Requirement
Given these entries, repeat exactly the lines starting with the one that has "The Shape of" and going on through the one that has "Covered outdoor patio", both included, but none of the pictures.

Extracted data
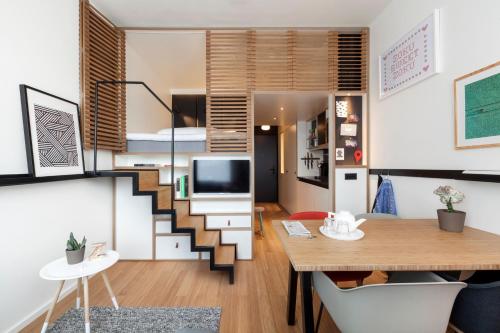 a living room filled with furniture and a table at Zoku Amsterdam in Amsterdam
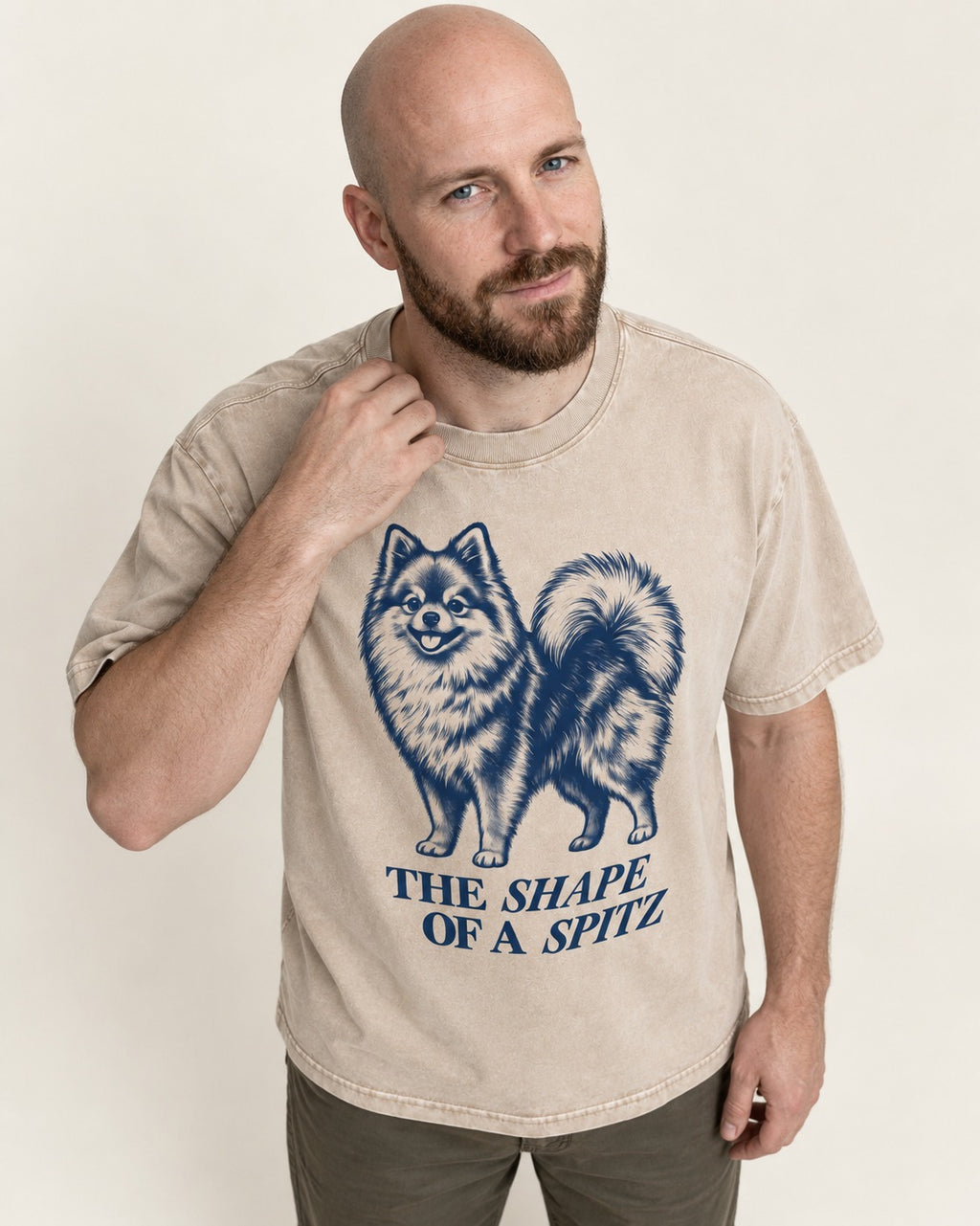 The Shape of a Pomeranian Washed Tee in Apricot, worn by a model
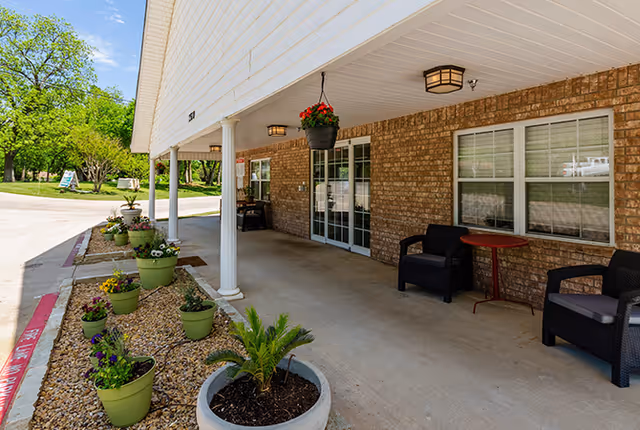Covered outdoor patio area of a brick building with white columns, hanging flower pot, several potted plants along the edge, two black chairs and a small red table near windows, and a concrete walkway leading to a green lawn and trees in the background.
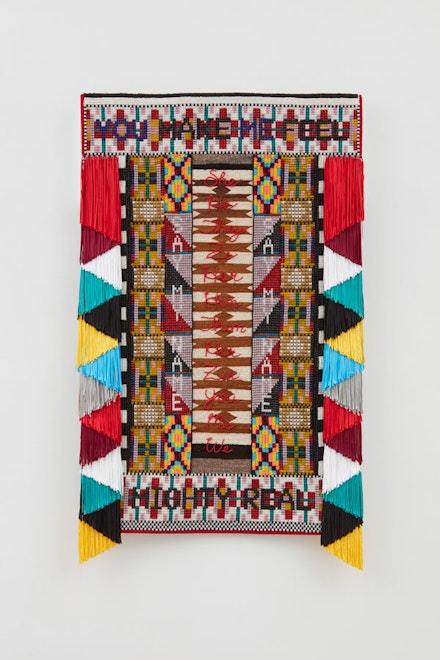 Jeffrey Gibson, <em>SAY MY NAME</em>, 2018. Glass beads, copper and tin jingles, steel and brass studs, and artificial sinew on repurposed trading post weaving and acrylic felt, mounted on canvas, 69 x 41.5 x 3 inches. © Jeffrey Gibson. Courtesy the artist; Sikkema Jenkins & Co., New York; Kavi Gupta, Chicago; and Roberts Projects, Los Angeles.
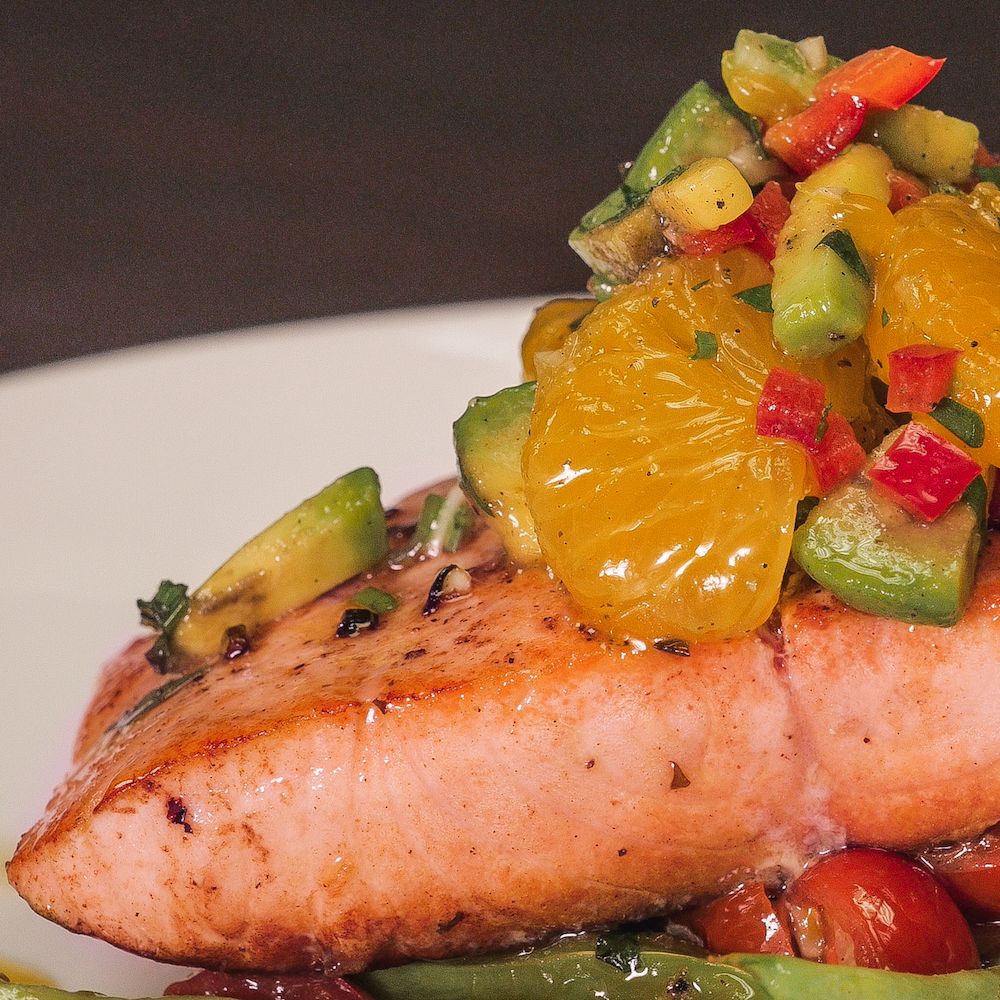 Salmon covered in Avocado Orange Salsa with String Beans & Cherry Tomatoes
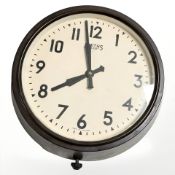 A 1930's Smiths Bakelite eight day wall clock, diameter 26 cm.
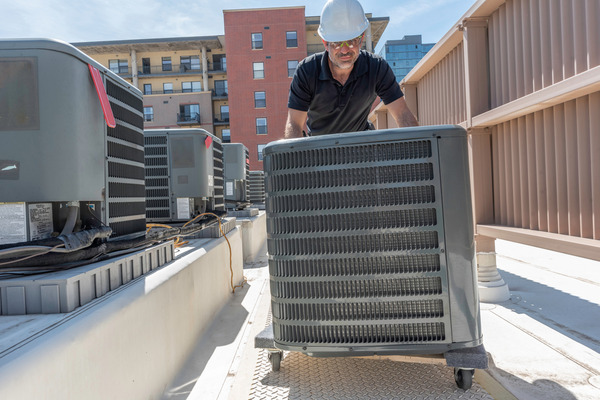 Best HVAC replacement services company in Fort Lauderdale FL - A picture of Filterbuy HVAC technician doing an HVAC replacement service in Fort Lauderdale FL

Finished task
 The Shape of a Pomeranian Washed Tee in Apricot, worn by a model
Covered outdoor patio area of a brick building with white columns, hanging flower pot, several potted plants along the edge, two black chairs and a small red table near windows, and a concrete walkway leading to a green lawn and trees in the background.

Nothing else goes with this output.